It’s no secret to anyone working in regulated financial advice that numbers of financial advisers are decreasing. We have seen advisers tumble from hundreds of thousands in the 80s and 90s to somewhere in the region of 20,000 today.
The average age of someone holding FCA’s CF30 designation is apparently 50. The actual figure is debatable I’m sure but having spent the last 20 years around people in these roles, the vast majority have more grey hairs than me. So it is safe to assume that the role is performed on the whole by people of a more mature age.
During the 80s and 90s, if you were at a crossroads in your career, had some life experience and could talk the hind leg off a donkey, then you could become a financial adviser. This approach taken by advisory firms and providers alike has without doubt produced some excellent advisers many of which have gone to build successful practices of their own. Of course it’s very different today with level 4 as a minimum entry barrier to the industry.
The issue facing the industry though is that these very same advisers who have grown through the industry during the 80s, 90s and 00s have, or are about to retire. Post-RDR, many commentators have spoken and written about the ‘advice gap’ which is partially attributable to advisers focussing on high net worth clients as well as the collapse of bancassurance and direct sales teams. The ‘advice gap’ could in theory become even wider should the industry fail to bring in a new breed of adviser over the next five years or so to offset the loss of advisers that are due to retire over the next five to 10 years.
So, how is the industry tackling this issue?
Quite frankly, in my opinion it’s not and whilst a number of companies have taken matters into their own hands such as St James’ Place for example who offer an ‘academy’ which is specifically aimed at career changers and graduates. The vast majority of companies however, small, medium and large don’t offer many solution to educate or upskill and very few have tackled the issue with Generation Z in mind. Many existing learning solutions around upskilling regulatory knowledge include reading chapter and verse through hundreds of pages of a paperback, or sitting in an office enjoying death by power point on the subject matter by a grey bearded expert.
Now take Generation Z and I will use my 17-year-old daughter as a great example of this.
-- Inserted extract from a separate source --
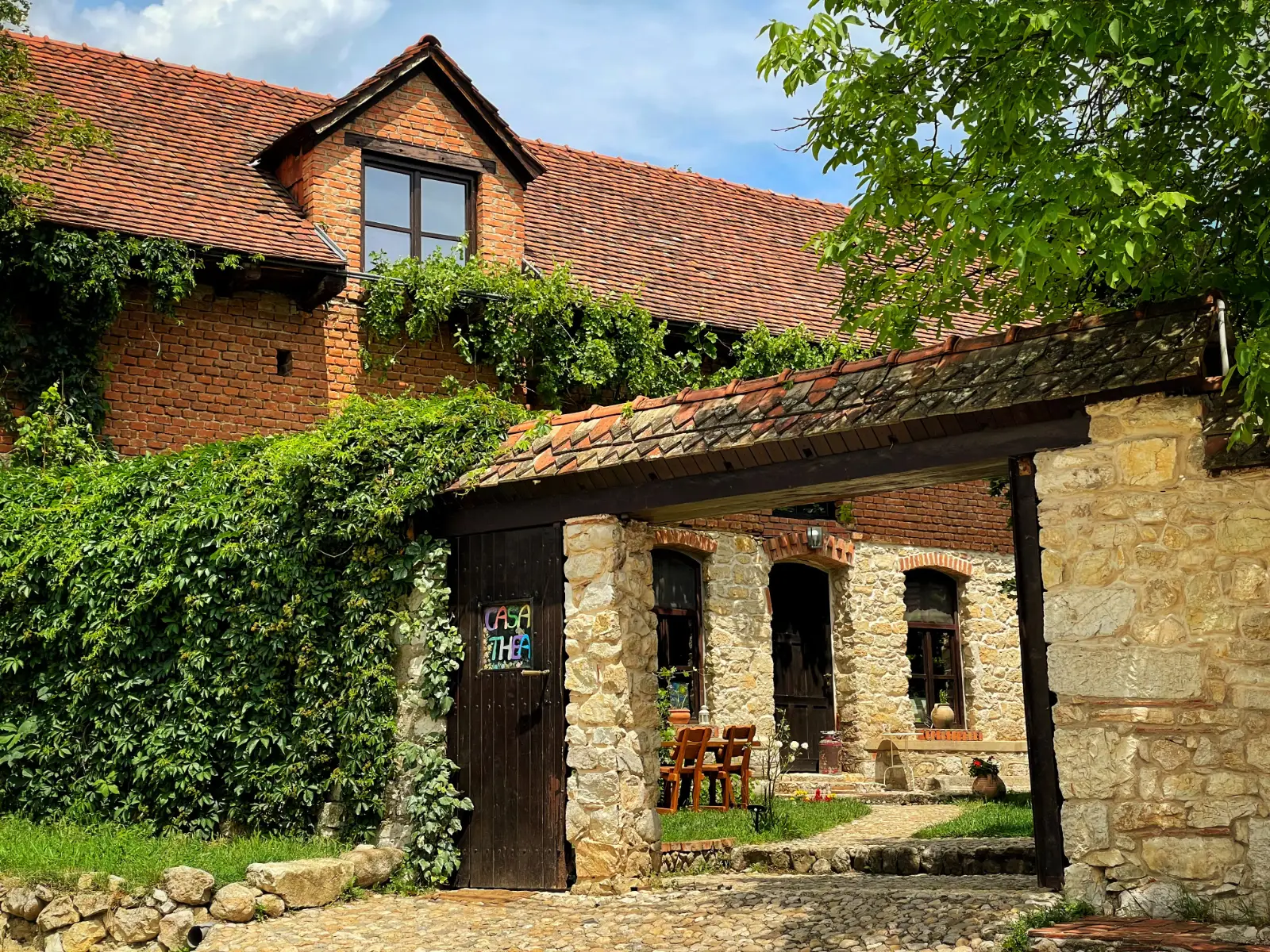 Cazare CASA THEA în Socolari, Caraș-Severin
She communicates in characters of 160 or less, has over 1,000 Facebook friends and spends most of her time pouting for Snapchat conversations. She is skilled at tweeting, facetiming, Facebooking, and snapchatting simultaneously and at breakneck speed. Generation Z is tech-savvy, and when it comes to financial services we need to adapt our largely mundane learning and upskilling solutions to suit this new generation. If we stand any chance of bringing a new breed of advisors into the market we have to, at the very least educate them in a way understand and relate to.
Digital learning helps in many ways to solve this problem. Cloud-based technology that adapts to all learning styles and that Generation Z truly understands. Accessible 24 hours a day, 7 days a week from any device. Video tuition, gratification from immediate results from online tests with instantaneous feedback, bite sized chunks of learning that can be easily assimilated and neat applications such as instant messaging to instructors, point and click ratings of courses and in platform peer to peer email systems. If the learning is delivered though a user interface that works on any device including smartphones, then we are half way there to engaging this new generation of learners.
For employers, the ability to take this technology and white label it to their own brand offers an instant, technically brilliant and content rich solution that integrates with their own learning and development departments. If this then becomes available to all in their business they can look to upskill administrators to paraplanners and paraplanners to advisers. For advisers their journey to chartered and beyond is easily accessible.
Utilising technology like this in financial services bridges a gap with Generation Z, whether that’s your existing employees or attracting new employees into your business. Tech engages this generation, they understand it and turn to it for most things in life. I am not saying that tech will fully solve the rather large issue we have over a decreasing advisory population but I am saying that using technology to deliver regulatory learning and upskilling solutions will engage Generation Z better than a 600-page book ever could.